(Caption-style text data)

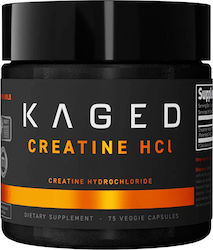 Kaged Muscle Kreatine Hydrochlorid Frucht Punch 76g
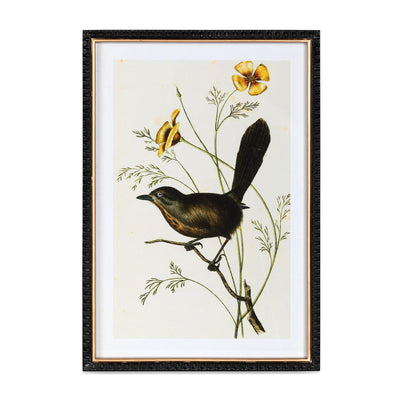 Set of 4 Summer Bird Framed Prints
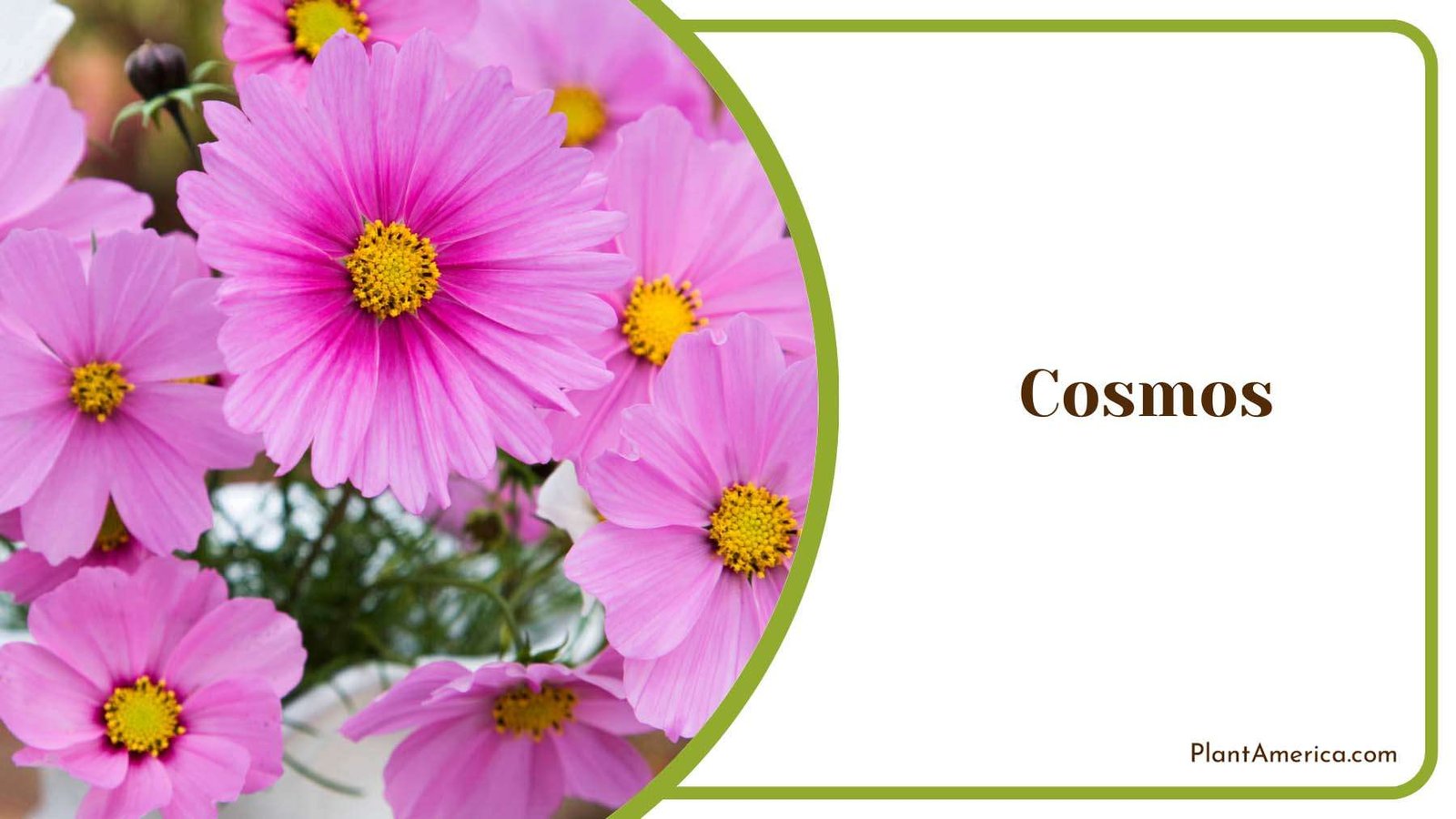 Cosmos Daisy Like Flowers Plant America Cosmos Daisy Like Flowers Plant America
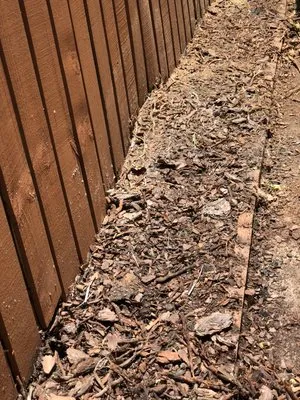 Javes & W Tree Services Logo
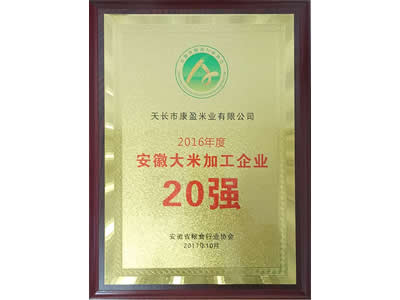 2016��Ȱ��մ��׼ӹ���ҵ20ǿ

## What the task asks
Find the line containing "Cosmos Daisy Like Flowers Plant America Cosmos" in the records above and restate it, and each line after it through the end, word for word, dropping the pictures.

## Task output
 Cosmos Daisy Like Flowers Plant America Cosmos Daisy Like Flowers Plant America
 Javes & W Tree Services Logo
 2016��Ȱ��մ��׼ӹ���ҵ20ǿ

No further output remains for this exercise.